Il narratore non era stato veramente amico di Siani, ma l’aveva incrociato spesso nei suoi anni di giornalista pagato a pezzo, avevano collaborato: anche se lui, il coetaneo Siani, sembrava fosse già allora più bravo, più maturo sia nel mestiere sia nella coscienza politica (il narratore lo incontra per la prima volta durante un’assemblea studentesca, lo sente parlare e commenta: “Questo non ha ancora incominciato e già è meglio di me, e lo pensai più con scontentezza verso di me che con invidia per lui” – ecco anche un esempio di quelle incidentali riflessioni su di sé, quasi sempre amare ma non querule, di cui ho appena detto). Poi il narratore si trasferisce a Milano, e a Milano apprende la notizia della morte di Siani, dopodiché per anni, a ogni rientro a Napoli, raccoglie testimonianze su quella vita e quella morte. È stato – sono tutti d’accordo – un omicidio di camorra; ma quale camorra? Nella Campania degli anni Ottanta le famiglie criminali avevano ciascuna il loro feudo, i loro interessi e il loro onore da difendere, le indagini all’inizio seguono strade che non portano a niente, si perdono in un labirinto di potenziali mandanti: Nuvoletta, Bardellino, Gionta… Poi succede qualcosa, qualcuno parla, qualcuno viene arrestato, processato, condannato. L’indagine si chiude, sul caso Siani la giustizia fa, una volta tanto, piena luce. Ma nella trama del libro la scoperta dei colpevoli finisce per essere quasi irrilevante.
Nell’intrecciarsi delle piste che portano a questo o quel camorrista, e che alludono a questo o quel movente, il lettore perde presto l’orientamento. Come nella tragedia greca ad amministrare la morte sono quelle divinità minori che si chiamano Erinni, così qui la responsabilità dell’omicidio sembra rimontare a un potere anonimo, oscuro, e così certo della propria impunità da non avere neppure lo scrupolo di nascondersi, di confondere le tracce.
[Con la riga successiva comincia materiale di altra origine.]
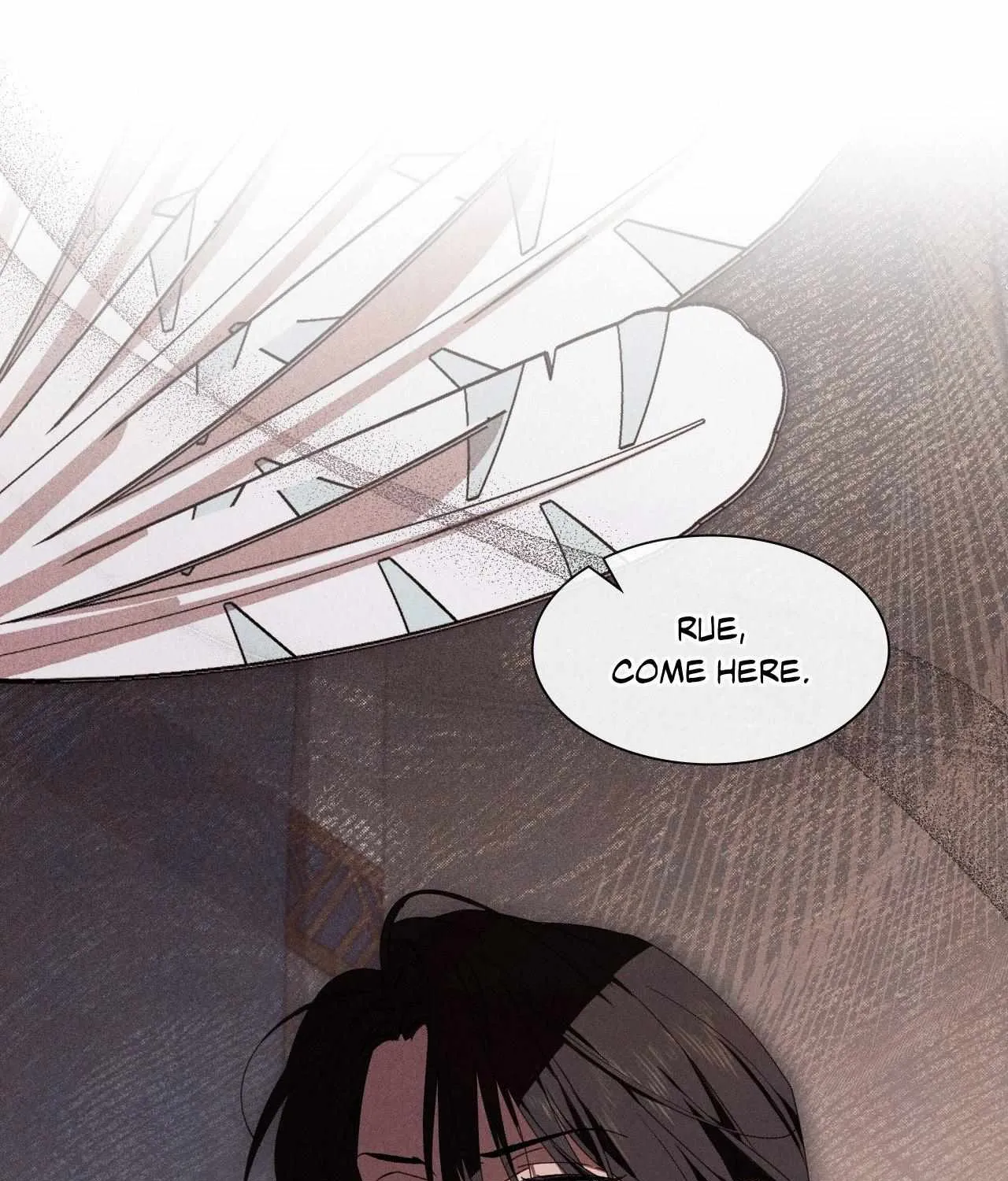 The Snake that Swallowed the Pomegranate Chapter 18 page 66 -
Di fatto, uno dei dettagli più inquietanti dell’esecuzione è il lungo indugio degli assassini fuori della casa di Siani, a viso scoperto, un tappeto di mozziconi lasciati spavaldamente per terra: come negli anni della scuola, lo hanno”‘aspettato fuori”, non per picchiarlo ma per sparargli. Tra la storia di Siani e la descrizione della famiglia del narratore – secondo filo dell’intreccio – non c’è alcuna relazione diretta. Il padre è morto diversi anni prima, le sorelle del narratore sono lontane. Nella grande casa medio-borghese a Capodimonte restano la madre, uno zio, la nonna materna. Lo zio ottantenne ha lavorato tutta la vita e “continuava a farlo e non faceva altro, perché altro non gli piaceva né immaginava che altro esistesse”.
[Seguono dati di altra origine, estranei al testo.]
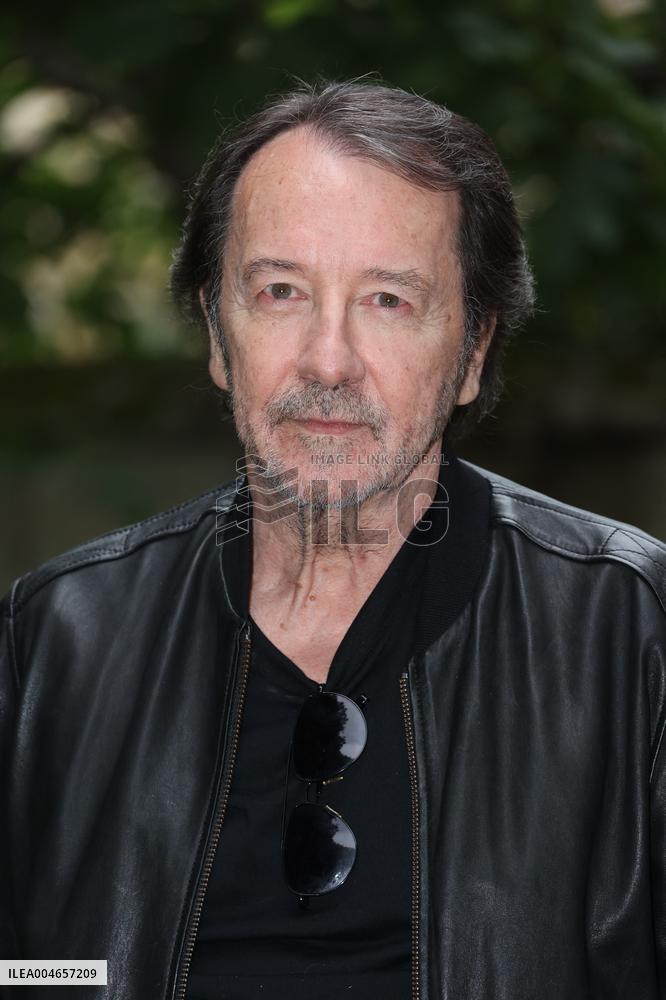 Angouleme Film Festival - Kwibuka (se souvenir) Photocall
È un uomo silenzioso, riflessivo, gentile, retto, il tipo del napoletano civilissimo che sembra patire più degli altri, più degli altri italiani, le cattive maniere della sua città, e che chissà perché ha deciso di passare gli ultimi anni della sua vita in compagnia di due esagitate le quali “vivono assieme da sessantacinque anni, e per questo si odiano”. La madre è una donna energica, dispotica, specialista in piazzate. La nonna, anche lei virtuosa delle piazzate, è il personaggio più riuscito del libro, e uno dei più memorabili della letteratura italiana di questi decenni. Capricciosa, vanesia, falsa, infantile, sboccata, è stata soprannominata “Locusto” dai nipoti perché è implacabile e ciecamente malvagia come una delle piaghe bibliche. Ma un po’ come quei super-villain che s’incontrano nei fumetti o nei film di 007, e che a causa di qualche bizzarra caratteristica fisica o morale risultano più grotteschi che temibili, il Locusto prende sin dall’inizio i tratti del personaggio comico, insieme zimbello dei familiari (“Ched’è stu Locusto?” domanda. “Un animale”. “E che animale è? Un animale bello?”) e, con la sublime crudeltà dei vecchi, beffatrice dei più sfortunati di lei. Scendendo le scale del palazzo incrocia due donne, madre e figlia, la prima procede lentamente, la seconda si scusa: “Eh, signora, ma mamma non sta bene. Mamma è assai anziana, non è come voi!”. Lei, il Locusto, fa una carezza alla vecchina, s’informa della sua età: “Settantacinque”, e conclude trionfante: “Signo’, io ci ho novanta-tré anni!”.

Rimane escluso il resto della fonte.